Databricks Community

Arty · ‎04-09-2023

Hi All

Can you please advise how I can arrange loaded file deletion from Azure Storage upon its successful load via Autoloader? As I understood, Spark streaming "cleanSource" option is unavailable for Autoloader, so I'm trying to find the best way to achieve landing zone cleansing.

Anonymous · ‎04-14-2023

@Artem Sachuk :

Yes, to keep track of which files were loaded by Autoloader, you can add the input_file_name() function as a new column in your data frame during the loading process. This way, you can know exactly which file each row of data came from.

Alternatively, you can also use the Autoloader's checkpoint mechanism to keep track of which files have been successfully loaded. The checkpoint mechanism stores the file metadata (such as file name, size, and modified time) in a checkpoint file. You can query this checkpoint file to see which files have been processed and loaded successfully.
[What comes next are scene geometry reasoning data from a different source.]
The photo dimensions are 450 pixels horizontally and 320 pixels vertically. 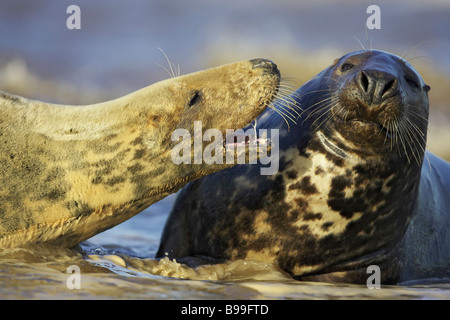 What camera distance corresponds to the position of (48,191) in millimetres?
4516

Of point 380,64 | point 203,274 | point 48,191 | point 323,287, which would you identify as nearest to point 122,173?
point 48,191

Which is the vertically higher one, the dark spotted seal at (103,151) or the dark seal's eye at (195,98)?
the dark seal's eye at (195,98)

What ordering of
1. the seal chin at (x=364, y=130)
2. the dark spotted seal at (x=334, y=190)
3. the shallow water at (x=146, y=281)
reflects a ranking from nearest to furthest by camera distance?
1. the shallow water at (x=146, y=281)
2. the seal chin at (x=364, y=130)
3. the dark spotted seal at (x=334, y=190)

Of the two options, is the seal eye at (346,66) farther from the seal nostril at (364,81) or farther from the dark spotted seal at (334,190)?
the seal nostril at (364,81)

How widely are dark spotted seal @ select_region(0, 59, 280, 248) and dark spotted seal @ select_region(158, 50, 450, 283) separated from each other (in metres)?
0.66

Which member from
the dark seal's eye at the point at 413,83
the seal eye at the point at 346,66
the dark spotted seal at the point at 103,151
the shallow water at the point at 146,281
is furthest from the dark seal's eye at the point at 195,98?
the dark seal's eye at the point at 413,83

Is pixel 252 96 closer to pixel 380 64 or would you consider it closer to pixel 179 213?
pixel 380 64

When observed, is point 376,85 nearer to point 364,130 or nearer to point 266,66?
point 364,130

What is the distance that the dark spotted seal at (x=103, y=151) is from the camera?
4520 millimetres

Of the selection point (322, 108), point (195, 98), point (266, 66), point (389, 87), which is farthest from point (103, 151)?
point (389, 87)

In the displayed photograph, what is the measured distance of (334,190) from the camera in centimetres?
521

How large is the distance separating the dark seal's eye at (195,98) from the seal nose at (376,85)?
97cm

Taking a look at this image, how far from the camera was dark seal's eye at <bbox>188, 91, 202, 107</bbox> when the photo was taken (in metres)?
4.72

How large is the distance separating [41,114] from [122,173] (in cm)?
67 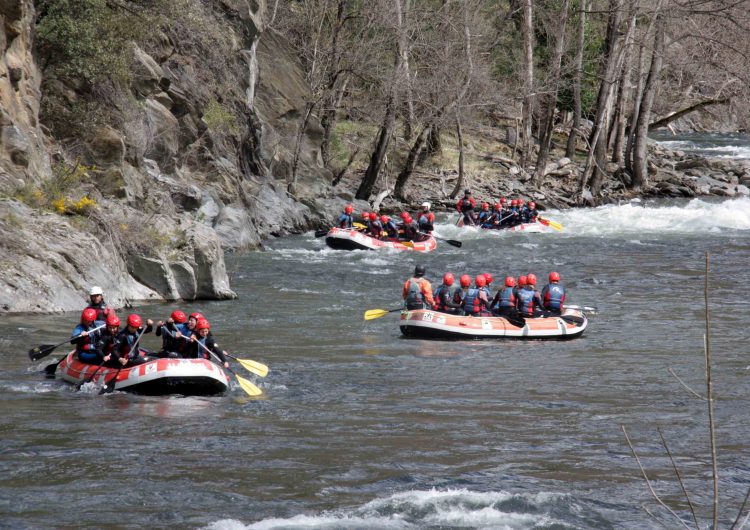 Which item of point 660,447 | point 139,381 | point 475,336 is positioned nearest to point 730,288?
point 475,336

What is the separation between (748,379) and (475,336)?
491cm

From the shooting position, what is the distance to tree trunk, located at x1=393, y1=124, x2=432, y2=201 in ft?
Answer: 123

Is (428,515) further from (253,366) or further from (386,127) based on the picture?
(386,127)

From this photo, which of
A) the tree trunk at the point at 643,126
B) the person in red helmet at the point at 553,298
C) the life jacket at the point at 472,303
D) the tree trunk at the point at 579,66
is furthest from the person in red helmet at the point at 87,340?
the tree trunk at the point at 643,126

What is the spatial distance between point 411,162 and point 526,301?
67.5ft

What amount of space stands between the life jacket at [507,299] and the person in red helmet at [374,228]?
1151 cm

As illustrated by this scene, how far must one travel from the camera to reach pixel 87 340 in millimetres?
13086

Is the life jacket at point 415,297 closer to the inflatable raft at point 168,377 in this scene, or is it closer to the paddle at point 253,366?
the paddle at point 253,366

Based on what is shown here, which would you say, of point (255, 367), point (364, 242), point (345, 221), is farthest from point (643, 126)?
point (255, 367)

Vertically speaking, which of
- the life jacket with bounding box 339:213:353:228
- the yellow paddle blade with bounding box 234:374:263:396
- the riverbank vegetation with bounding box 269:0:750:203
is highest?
the riverbank vegetation with bounding box 269:0:750:203

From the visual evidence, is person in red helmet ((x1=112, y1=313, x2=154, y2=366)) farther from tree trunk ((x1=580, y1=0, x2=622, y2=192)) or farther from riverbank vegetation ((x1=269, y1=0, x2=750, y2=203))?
tree trunk ((x1=580, y1=0, x2=622, y2=192))

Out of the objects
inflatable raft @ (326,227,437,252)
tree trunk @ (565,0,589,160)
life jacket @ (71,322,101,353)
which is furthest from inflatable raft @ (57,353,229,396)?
tree trunk @ (565,0,589,160)

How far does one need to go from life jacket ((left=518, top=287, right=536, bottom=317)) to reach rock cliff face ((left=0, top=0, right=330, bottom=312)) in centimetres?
623

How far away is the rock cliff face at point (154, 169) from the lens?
1819cm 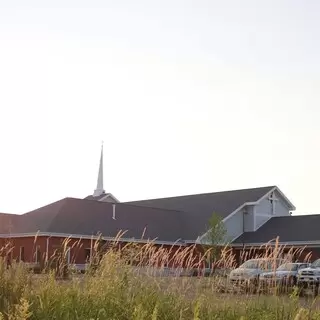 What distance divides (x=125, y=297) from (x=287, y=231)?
123 feet

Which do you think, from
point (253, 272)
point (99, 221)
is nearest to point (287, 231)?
point (99, 221)

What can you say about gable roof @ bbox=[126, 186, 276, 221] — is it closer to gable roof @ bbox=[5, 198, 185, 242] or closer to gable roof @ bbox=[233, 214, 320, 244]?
gable roof @ bbox=[233, 214, 320, 244]

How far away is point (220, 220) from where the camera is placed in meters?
42.7

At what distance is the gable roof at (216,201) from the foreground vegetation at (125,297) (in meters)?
36.6

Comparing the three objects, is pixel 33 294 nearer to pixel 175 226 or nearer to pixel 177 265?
pixel 177 265

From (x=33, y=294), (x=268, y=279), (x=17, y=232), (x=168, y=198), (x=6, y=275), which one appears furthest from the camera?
(x=168, y=198)

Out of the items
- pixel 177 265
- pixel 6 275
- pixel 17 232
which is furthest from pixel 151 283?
pixel 17 232

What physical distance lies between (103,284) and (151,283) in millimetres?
981

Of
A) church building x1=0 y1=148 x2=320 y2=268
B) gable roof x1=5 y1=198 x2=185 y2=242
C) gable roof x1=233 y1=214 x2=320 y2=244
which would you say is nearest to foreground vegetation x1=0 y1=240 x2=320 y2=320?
church building x1=0 y1=148 x2=320 y2=268

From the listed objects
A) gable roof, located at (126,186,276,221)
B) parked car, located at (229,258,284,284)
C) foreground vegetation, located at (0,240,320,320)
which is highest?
gable roof, located at (126,186,276,221)

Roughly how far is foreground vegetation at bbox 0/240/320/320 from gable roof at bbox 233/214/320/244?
109 ft

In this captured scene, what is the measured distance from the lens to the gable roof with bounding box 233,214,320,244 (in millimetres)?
43375

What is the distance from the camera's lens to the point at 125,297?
929cm

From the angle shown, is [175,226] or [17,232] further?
[175,226] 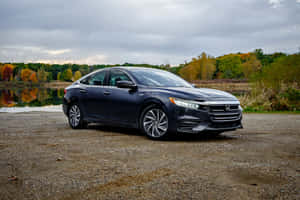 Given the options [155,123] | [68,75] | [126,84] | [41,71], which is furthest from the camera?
[68,75]

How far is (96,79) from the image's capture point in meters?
9.24

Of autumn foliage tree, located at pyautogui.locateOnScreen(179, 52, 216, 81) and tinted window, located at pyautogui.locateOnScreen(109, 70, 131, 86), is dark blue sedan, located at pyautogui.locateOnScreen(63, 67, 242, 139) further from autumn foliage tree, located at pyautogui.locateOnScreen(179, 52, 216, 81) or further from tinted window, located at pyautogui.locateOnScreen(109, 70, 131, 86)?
autumn foliage tree, located at pyautogui.locateOnScreen(179, 52, 216, 81)

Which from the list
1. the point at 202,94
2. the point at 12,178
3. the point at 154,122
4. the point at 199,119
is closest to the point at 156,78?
the point at 154,122

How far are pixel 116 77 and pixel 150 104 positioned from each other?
1.52 meters

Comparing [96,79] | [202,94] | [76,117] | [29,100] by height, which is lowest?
[29,100]

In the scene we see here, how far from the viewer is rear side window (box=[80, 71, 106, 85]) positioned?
9.05m

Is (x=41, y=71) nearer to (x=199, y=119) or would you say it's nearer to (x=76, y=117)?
(x=76, y=117)

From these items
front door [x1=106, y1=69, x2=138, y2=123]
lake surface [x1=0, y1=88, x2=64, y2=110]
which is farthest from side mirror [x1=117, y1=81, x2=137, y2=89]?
lake surface [x1=0, y1=88, x2=64, y2=110]

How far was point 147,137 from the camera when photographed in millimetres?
7910

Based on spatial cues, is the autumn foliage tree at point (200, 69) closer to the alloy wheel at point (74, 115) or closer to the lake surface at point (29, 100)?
the lake surface at point (29, 100)

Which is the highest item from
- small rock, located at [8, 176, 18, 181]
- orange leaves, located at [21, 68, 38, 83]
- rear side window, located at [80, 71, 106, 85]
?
orange leaves, located at [21, 68, 38, 83]

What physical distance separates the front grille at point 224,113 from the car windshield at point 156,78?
143cm

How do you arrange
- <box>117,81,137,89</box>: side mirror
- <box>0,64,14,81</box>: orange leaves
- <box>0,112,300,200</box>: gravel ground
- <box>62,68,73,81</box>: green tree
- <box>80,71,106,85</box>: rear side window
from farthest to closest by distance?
<box>0,64,14,81</box>: orange leaves
<box>62,68,73,81</box>: green tree
<box>80,71,106,85</box>: rear side window
<box>117,81,137,89</box>: side mirror
<box>0,112,300,200</box>: gravel ground

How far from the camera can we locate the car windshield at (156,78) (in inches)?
320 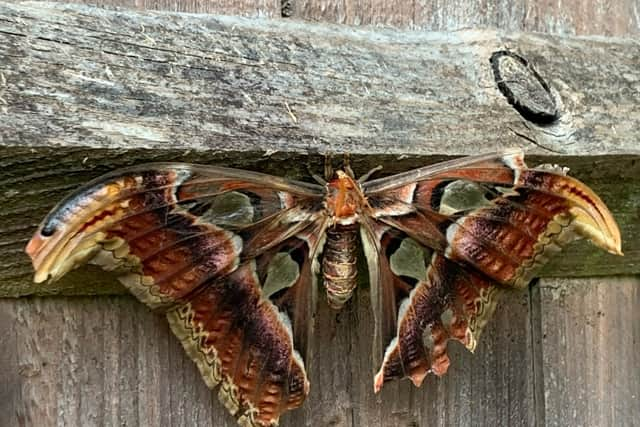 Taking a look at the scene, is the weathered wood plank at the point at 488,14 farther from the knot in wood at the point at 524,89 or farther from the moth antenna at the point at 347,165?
the moth antenna at the point at 347,165

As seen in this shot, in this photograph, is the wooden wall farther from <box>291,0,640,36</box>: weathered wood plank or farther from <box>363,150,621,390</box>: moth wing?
<box>363,150,621,390</box>: moth wing

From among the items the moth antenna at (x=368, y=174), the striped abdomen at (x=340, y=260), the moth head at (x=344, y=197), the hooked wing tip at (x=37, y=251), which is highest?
the moth antenna at (x=368, y=174)

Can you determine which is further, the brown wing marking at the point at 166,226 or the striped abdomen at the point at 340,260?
the striped abdomen at the point at 340,260

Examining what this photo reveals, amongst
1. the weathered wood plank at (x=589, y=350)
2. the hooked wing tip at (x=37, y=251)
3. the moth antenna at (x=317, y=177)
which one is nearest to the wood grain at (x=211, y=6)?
the moth antenna at (x=317, y=177)

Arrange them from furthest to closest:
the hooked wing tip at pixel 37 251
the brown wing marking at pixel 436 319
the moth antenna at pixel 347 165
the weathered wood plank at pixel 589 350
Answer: the weathered wood plank at pixel 589 350, the brown wing marking at pixel 436 319, the moth antenna at pixel 347 165, the hooked wing tip at pixel 37 251

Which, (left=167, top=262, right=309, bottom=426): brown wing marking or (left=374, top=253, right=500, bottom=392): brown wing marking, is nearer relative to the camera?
(left=167, top=262, right=309, bottom=426): brown wing marking

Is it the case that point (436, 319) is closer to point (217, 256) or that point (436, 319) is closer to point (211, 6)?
point (217, 256)

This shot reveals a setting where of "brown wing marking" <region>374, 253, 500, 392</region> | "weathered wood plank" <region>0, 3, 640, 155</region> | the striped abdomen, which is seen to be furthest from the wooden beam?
"brown wing marking" <region>374, 253, 500, 392</region> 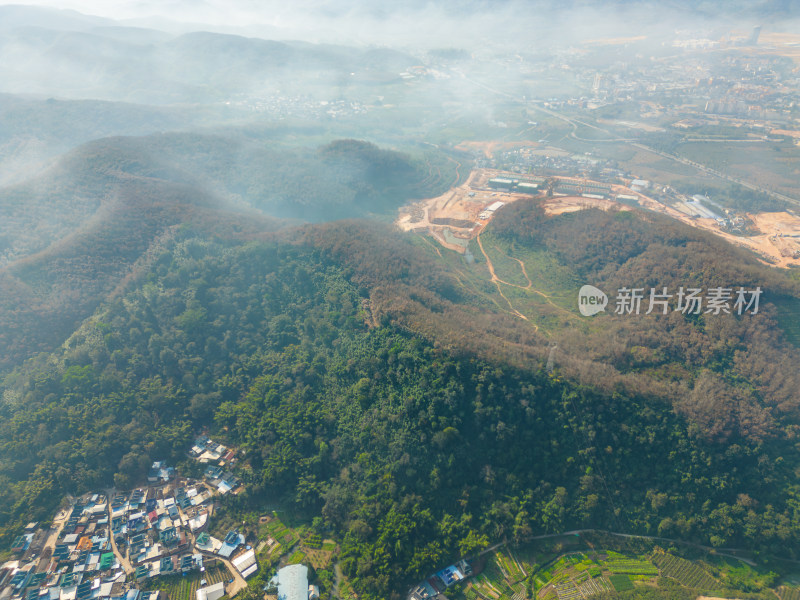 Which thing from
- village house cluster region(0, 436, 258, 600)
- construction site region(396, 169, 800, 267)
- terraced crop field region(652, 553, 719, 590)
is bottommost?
village house cluster region(0, 436, 258, 600)

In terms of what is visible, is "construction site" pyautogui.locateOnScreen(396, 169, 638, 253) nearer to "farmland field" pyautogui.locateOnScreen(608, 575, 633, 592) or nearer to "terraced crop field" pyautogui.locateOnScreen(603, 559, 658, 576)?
"terraced crop field" pyautogui.locateOnScreen(603, 559, 658, 576)

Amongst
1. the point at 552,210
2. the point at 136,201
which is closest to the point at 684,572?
the point at 552,210

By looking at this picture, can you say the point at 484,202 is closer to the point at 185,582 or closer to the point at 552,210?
the point at 552,210

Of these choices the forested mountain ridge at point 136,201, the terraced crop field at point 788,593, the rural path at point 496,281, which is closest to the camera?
the terraced crop field at point 788,593

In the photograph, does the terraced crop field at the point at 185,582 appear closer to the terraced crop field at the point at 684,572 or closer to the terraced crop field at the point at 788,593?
the terraced crop field at the point at 684,572

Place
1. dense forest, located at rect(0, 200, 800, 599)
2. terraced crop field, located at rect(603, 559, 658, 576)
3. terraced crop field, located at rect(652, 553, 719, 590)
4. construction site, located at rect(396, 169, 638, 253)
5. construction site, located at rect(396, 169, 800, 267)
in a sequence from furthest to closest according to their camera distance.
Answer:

To enable checkpointing, you need to specify a checkpoint directory when you create the Autoloader stream. For example:

checkpoint_dir = "/mnt/checkpoints"
autoloader = spark.readStream \
    .format("cloudFiles") \
    .option("cloudFiles.checkpointLocation", checkpoint_dir) \
    .load(path)

The checkpoint directory can be any path in a file system that supports write access. Make sure that the checkpoint directory is on a durable file system (such as HDFS or Azure Blob Storage) and not on a local disk, as the checkpoint information needs to survive driver or executor failures.

Once the checkpoint directory is set, the Autoloader stream will create checkpoint files in that directory to keep track of its progress. You can query the checkpoint files using the StreamingQuery.recentProgress method to get information about the latest batch of processed files.

For Example:

query = autoloader.writeStream \
    .outputMode("append") \
    .format("console") \
    .start()
 
while not query.isActive:
    time.sleep(1)
 
while query.isActive:
    for progress in query.recentProgress:
        if "numInputRows" in progress:
            print("Loaded {} rows from file {}"
                  .format(progress["numInputRows"], progress["inputFiles"]))
    time.sleep(1)
 
query.awaitTermination()

This code will print the number of rows loaded and the file names for each processed batch of files.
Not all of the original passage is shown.